Lung adenomas and adenocarcinomas in Aα mutant mice. (A and C) An adenoma at low magnification (40×; A) appears as a small parenchymal nodule (n →). At high magnification (400×; C), there is a focus of neoplastic cells, each with abundant cytoplasm and uniform monomorphic, small round nuclei. (B and D) An adenocarcinoma presented on gross evaluation as a large nodule that protruded above the pleural surface.
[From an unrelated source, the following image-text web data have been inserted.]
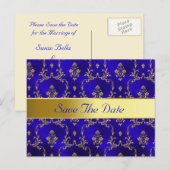 Faire-part Carte postale - Sauvegarder la date (Devant / Derrière)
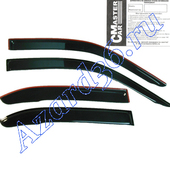 Дефлекторы  накладные "CARMASTER" HYUNDAI I20   4дв.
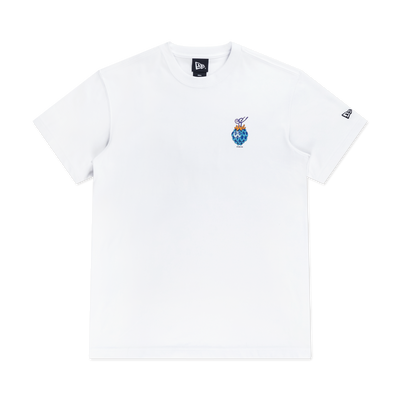 NEW ERA X ONE PIECE GEAR 5 FISH FISH FRUIT WHITE SHORT SLEEVE T-SHIRT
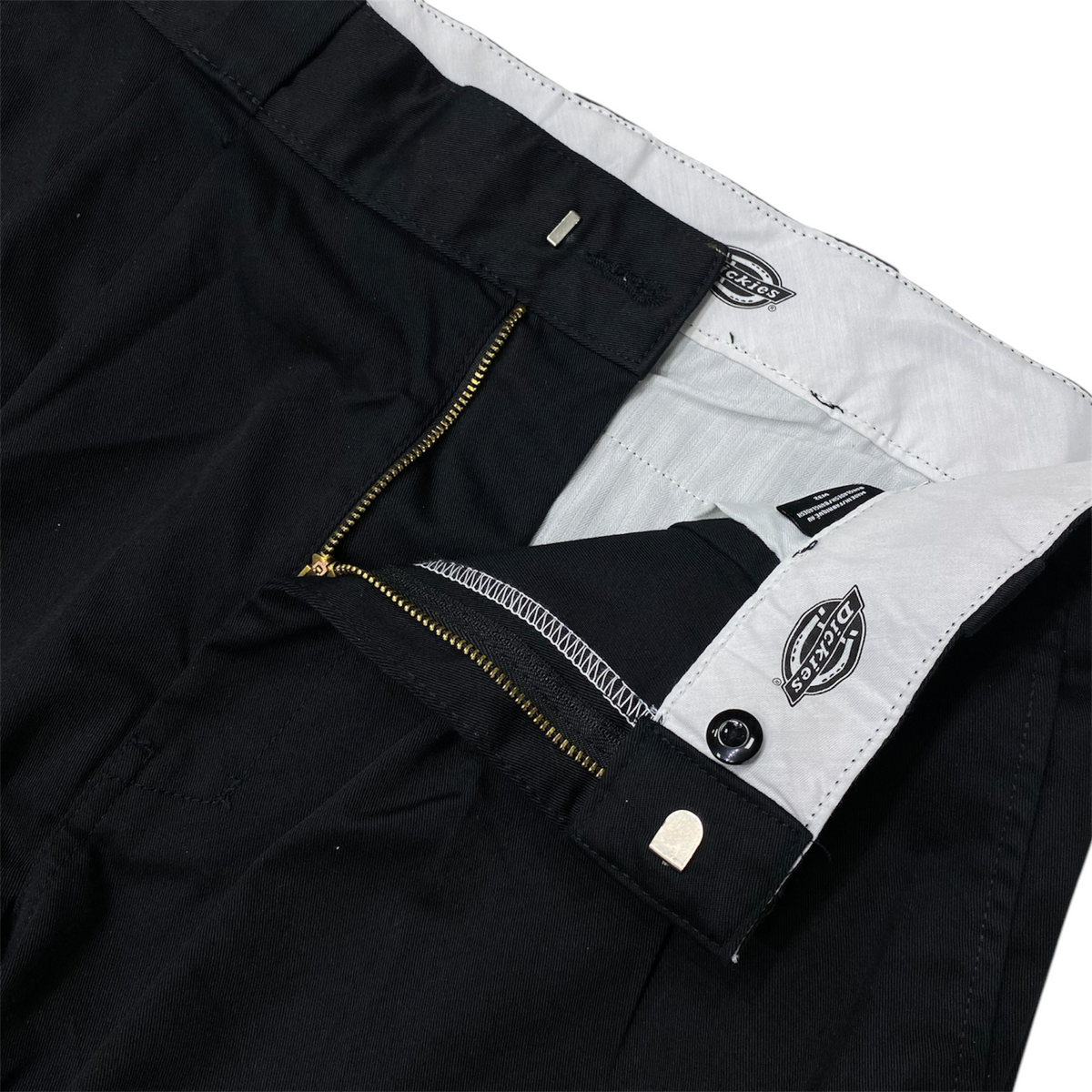 DICKIES WOVEN TWILL PANTS BLACK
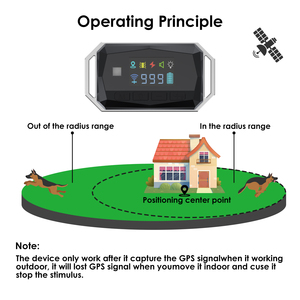 Extérieur Portable lPX6 étanche GPS sans fil chien clôture choc électrique collier d'entraînement chien confinement Svstem rayon 280 FT - Product Image 5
Low magnification (40×; B) showed that the ill-defined capsule (c →) was eroded and that small foci of neoplastic cells infiltrated (i →) into the surrounding parenchyma. At high magnification (400×; D), the tumor mass shows anaplastic pleomorphic cells with tubular (t →) differentiation within solid (s →) areas. The majority of neoplastic cells contains large pleomorphic nuclei with an altered nuclear-to-cytoplasmic ratio, prominent nucleoli (o →), and occasional mitotic (m →) figures, all indicative of malignancy.